**EXERCISE OBJECTIVE**
All lines in the data that hold the word "Pool" need copying.

Items from a data source
"""

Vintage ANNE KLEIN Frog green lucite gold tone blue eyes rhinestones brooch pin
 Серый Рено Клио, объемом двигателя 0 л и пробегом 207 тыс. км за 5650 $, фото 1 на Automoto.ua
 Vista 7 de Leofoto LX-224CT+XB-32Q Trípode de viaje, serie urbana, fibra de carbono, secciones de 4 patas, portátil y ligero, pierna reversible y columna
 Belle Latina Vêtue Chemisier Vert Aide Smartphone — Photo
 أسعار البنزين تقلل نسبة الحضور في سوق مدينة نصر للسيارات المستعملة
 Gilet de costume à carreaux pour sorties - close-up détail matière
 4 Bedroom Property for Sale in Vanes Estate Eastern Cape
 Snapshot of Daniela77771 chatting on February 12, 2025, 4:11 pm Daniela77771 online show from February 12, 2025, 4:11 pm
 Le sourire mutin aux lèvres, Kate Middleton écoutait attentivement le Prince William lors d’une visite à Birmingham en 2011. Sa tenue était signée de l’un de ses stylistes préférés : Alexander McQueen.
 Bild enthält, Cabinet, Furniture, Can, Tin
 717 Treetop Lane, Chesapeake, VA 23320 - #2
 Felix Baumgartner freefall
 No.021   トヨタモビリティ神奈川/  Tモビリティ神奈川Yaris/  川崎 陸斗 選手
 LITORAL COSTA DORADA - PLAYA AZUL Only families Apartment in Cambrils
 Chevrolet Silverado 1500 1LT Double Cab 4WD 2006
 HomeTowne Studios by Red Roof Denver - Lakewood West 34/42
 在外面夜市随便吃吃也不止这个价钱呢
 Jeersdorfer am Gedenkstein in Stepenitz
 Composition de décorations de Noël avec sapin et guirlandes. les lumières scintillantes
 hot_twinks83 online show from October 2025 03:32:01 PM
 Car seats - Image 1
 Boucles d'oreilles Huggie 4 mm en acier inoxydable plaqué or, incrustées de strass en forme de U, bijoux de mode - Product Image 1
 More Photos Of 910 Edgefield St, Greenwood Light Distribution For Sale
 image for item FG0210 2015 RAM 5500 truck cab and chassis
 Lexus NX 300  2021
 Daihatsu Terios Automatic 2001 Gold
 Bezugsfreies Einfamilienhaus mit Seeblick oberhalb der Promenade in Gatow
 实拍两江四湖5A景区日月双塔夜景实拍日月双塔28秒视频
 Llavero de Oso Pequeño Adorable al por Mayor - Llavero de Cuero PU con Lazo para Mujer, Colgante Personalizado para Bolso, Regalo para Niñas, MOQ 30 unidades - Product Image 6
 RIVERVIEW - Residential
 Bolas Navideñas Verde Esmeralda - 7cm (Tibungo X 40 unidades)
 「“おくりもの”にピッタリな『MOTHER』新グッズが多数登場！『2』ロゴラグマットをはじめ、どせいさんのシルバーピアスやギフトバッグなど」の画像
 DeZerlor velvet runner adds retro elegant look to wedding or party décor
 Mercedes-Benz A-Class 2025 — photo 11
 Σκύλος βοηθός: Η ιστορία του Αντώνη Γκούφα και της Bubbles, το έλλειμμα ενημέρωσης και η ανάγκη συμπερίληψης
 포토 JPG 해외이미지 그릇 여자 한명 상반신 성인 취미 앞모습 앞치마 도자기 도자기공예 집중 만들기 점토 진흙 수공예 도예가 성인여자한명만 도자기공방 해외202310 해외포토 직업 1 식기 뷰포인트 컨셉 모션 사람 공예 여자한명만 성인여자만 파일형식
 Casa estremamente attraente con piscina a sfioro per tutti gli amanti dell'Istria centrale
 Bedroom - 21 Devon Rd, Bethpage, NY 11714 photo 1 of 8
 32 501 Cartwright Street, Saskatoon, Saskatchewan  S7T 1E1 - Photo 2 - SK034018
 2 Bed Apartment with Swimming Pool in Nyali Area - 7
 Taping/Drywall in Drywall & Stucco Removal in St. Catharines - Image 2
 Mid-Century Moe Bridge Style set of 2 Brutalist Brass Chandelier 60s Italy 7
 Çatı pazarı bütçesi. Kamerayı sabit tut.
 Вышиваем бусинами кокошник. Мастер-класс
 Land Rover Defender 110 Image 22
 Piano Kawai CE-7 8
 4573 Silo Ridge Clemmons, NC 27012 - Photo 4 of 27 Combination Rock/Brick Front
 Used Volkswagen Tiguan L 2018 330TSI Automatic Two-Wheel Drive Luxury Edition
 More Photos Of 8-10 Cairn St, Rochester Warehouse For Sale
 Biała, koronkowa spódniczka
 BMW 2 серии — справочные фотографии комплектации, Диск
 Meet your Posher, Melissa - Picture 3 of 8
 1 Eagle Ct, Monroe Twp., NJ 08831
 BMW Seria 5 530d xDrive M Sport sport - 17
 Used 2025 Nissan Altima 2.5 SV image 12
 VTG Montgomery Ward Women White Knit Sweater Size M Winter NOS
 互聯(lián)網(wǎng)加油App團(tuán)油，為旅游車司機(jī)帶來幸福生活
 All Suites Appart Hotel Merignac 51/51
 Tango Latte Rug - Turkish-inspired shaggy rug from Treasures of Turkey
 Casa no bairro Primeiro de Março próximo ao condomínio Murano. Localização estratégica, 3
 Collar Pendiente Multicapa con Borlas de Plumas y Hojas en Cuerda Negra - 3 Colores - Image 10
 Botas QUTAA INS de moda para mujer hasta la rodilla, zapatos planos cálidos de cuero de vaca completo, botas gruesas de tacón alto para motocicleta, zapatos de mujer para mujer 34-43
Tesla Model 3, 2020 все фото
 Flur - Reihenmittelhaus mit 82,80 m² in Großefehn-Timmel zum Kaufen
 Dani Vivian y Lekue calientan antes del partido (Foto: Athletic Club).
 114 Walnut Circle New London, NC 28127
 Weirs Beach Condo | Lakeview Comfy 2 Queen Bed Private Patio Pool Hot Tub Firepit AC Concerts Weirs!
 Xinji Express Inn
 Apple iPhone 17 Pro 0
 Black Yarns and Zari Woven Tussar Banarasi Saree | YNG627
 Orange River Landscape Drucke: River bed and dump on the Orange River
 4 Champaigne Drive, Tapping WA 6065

"""

**TASK SOLUTION**
 2 Bed Apartment with Swimming Pool in Nyali Area - 7
 Weirs Beach Condo | Lakeview Comfy 2 Queen Bed Private Patio Pool Hot Tub Firepit AC Concerts Weirs!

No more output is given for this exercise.